MÁS ALLÁ de las emociones básicas descritas por Charles Darwin y reificadas una y otra vez por la neurobiología contemporánea, Del Paso explora dimensiones de la experiencia subjetiva donde el contraste entre la fascinación y la vergüenza revela paisajes emocionales inéditos, pero auténticos.
Mediante la asimilación de un espíritu lúdico, tan celebrado en Rabelais, Del Paso logra construir una reinterpretación del cuerpo humano, marcada por la tensión dinámica entre el gozo de los sentidos y la descomposición de la materialidad humana. Los relatos sobre la flatulencia y otros pormenores del cuerpo se multiplican y combinan, sin transiciones artificiales o convenciones estéticas, con la enumeración de acontecimientos literarios en el terreno amoroso:
Un día la besé en francés. Ella se limitó a bostezar en sueco. Yo la odié un poco en inglés y le hice un ademán obsceno en italiano. Ella fue al baño y dio un portazo en ruso. Cuando salió, yo le guiñé un ojo en chino y ella me sacó la lengua en sánscrito. Acabamos haciendo el amor en esperanto.

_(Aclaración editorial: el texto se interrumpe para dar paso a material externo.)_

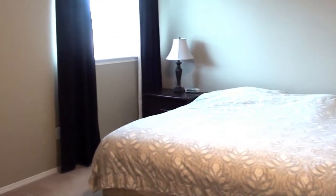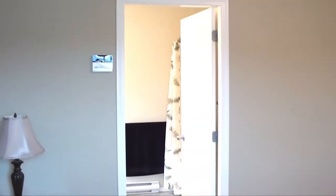Upstairs you'll find the master bedroom, which has a great ensuite complete with jetted soaker tub and a large walk-in closet.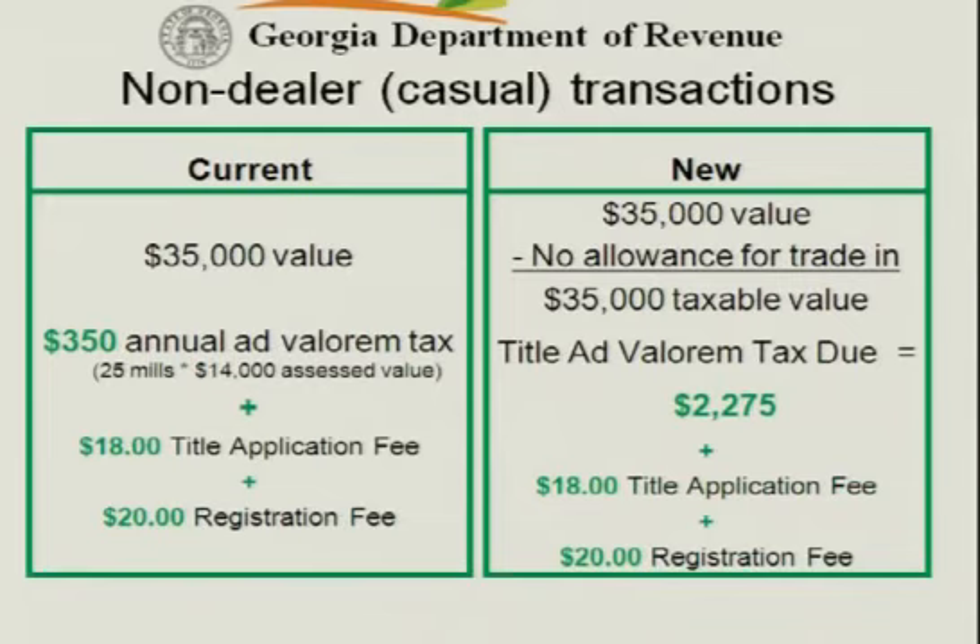However, let's look at our casual sale people. This example is a little bit exaggerated for the type of vehicles that normally are casual sales, but I'm just using the same vehicle number — a $35,000 vehicle. There's no trade-in allowed on it, but today if the person bought that $35,000 vehicle, all they would be required to pay at the county to transfer title is $38. I was saying $28 all day until somebody at lunch reminded me I couldn't add.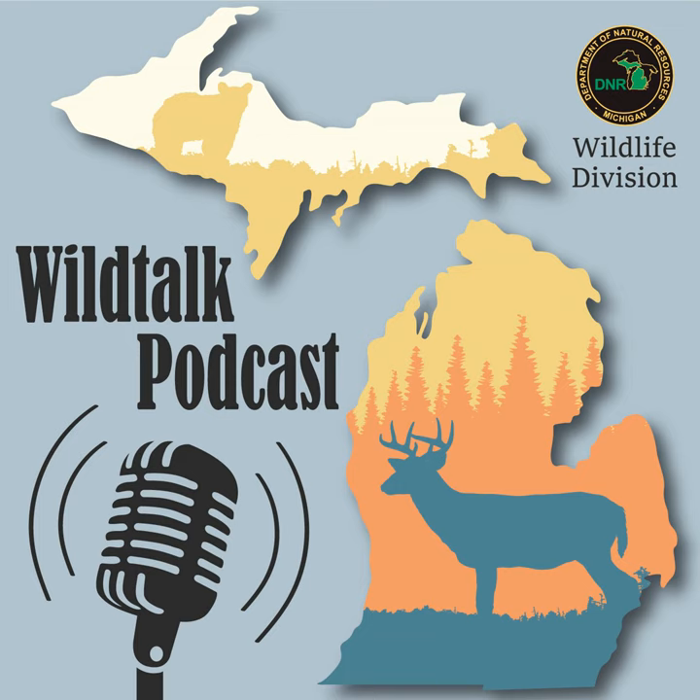You know what that sound means. It's time for the Michigan DNR's Wild Talk Podcast, where representatives from the DNR's Wildlife Division chew the fat and shoot the scat about all things habitat, feathers, and fur. With insights, interviews, and your questions answered on the air, you'll get a better picture of what's happening in the world of wildlife here in the great state of Michigan.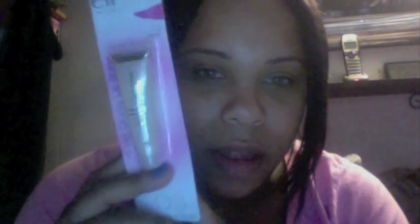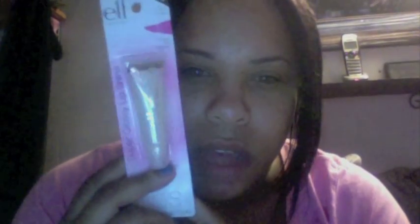The next thing is the ELF Super Glossy Lip Shine in clear. Believe it or not, out of my whole makeup collection I do not have a clear lip gloss. When I was younger I used to wear them all the time, but I really don't have one in my collection. So I figured I could try the ELF one, and if I don't really like it I'll move on to other ones. This was a dollar.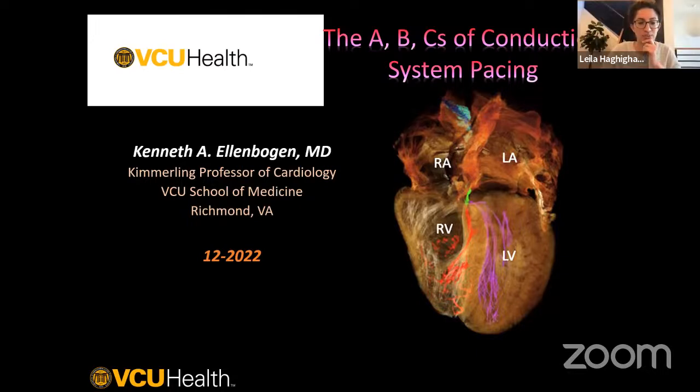Welcome everyone to UCSF's Cardiology Grand Rounds. I'm honored to present Dr. Kenneth Ellenbogen, who will be speaking on left bundle branch pacing among other topics. Dr. Ellenbogen is Pauley Heart Center's Director of Clinical Cardiac Physiology and Pacing at Virginia Commonwealth University, holding the Martha M. and Harold W. Kimmerling Chair in Cardiology. His research focuses on novel ablation techniques and types of pacing, including pacing from the left bundle branch system.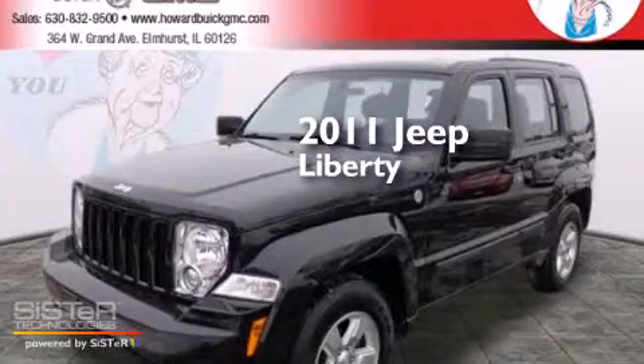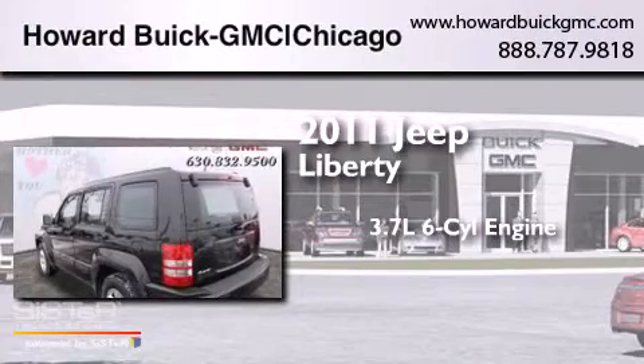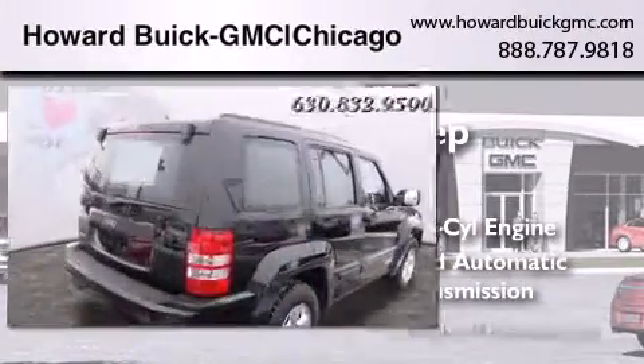This is a 2011 Jeep Liberty. It features a 3.7 liter six-cylinder engine, a four-speed automatic transmission, and four-wheel drive.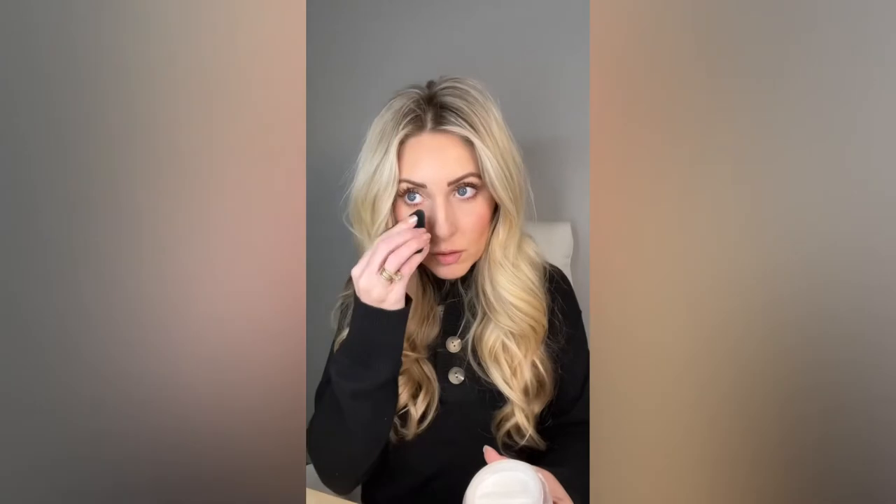Apply your mascara, let that dry, dust a little bit more of the powder, and then apply another layer of mascara. It's so showy, so pretty, not clumpy at all — just beautiful, showy lashes. And because the powder is safe, you're totally fine.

Gaston Bachelard afirma en su ensayo La poética del espacio que “la imagen poética nos sitúa en el origen del ser hablante”. La poesía, dice, “pone al lenguaje en estado de emergencia”. Me atrevo a decir que, mediante el juego desmesurado, Fernando del Paso ha construido una sorprendente poesía de la medicina (heredera tal vez de aquellos Sonetos del amor y de lo diario). Un juego capaz de poner al lenguaje médico en estado de emergencia y de crear pactos en clave secreta, o en franca declaración pública entre la materialidad recalcitrante del cuerpo humano (origen del dolor, la separación y la pérdida, la secreción fétida o el amor erótico) y la literatura, ese territorio cargado de ecos memoriosos, reflexiones, monólogos interiores, sensaciones estremecedoras. Un clima verbal que no puede traducirse a otro medio expresivo, para usar las palabras del propio Fernando del Paso; un espacio donde cada libro establece sus propias reglas del juego. En el caso de Palinuro de México, las reglas tienen el poder de penetración suficiente para ponernos en marcha, con otros agentes de la ficción, por el camino que conduce a la medicina: la vocación que Fernando del Paso realizó en clave narrativa, y que ahora puedo aceptar como propia gracias al juego literario que da sentido a la materialidad descompuesta.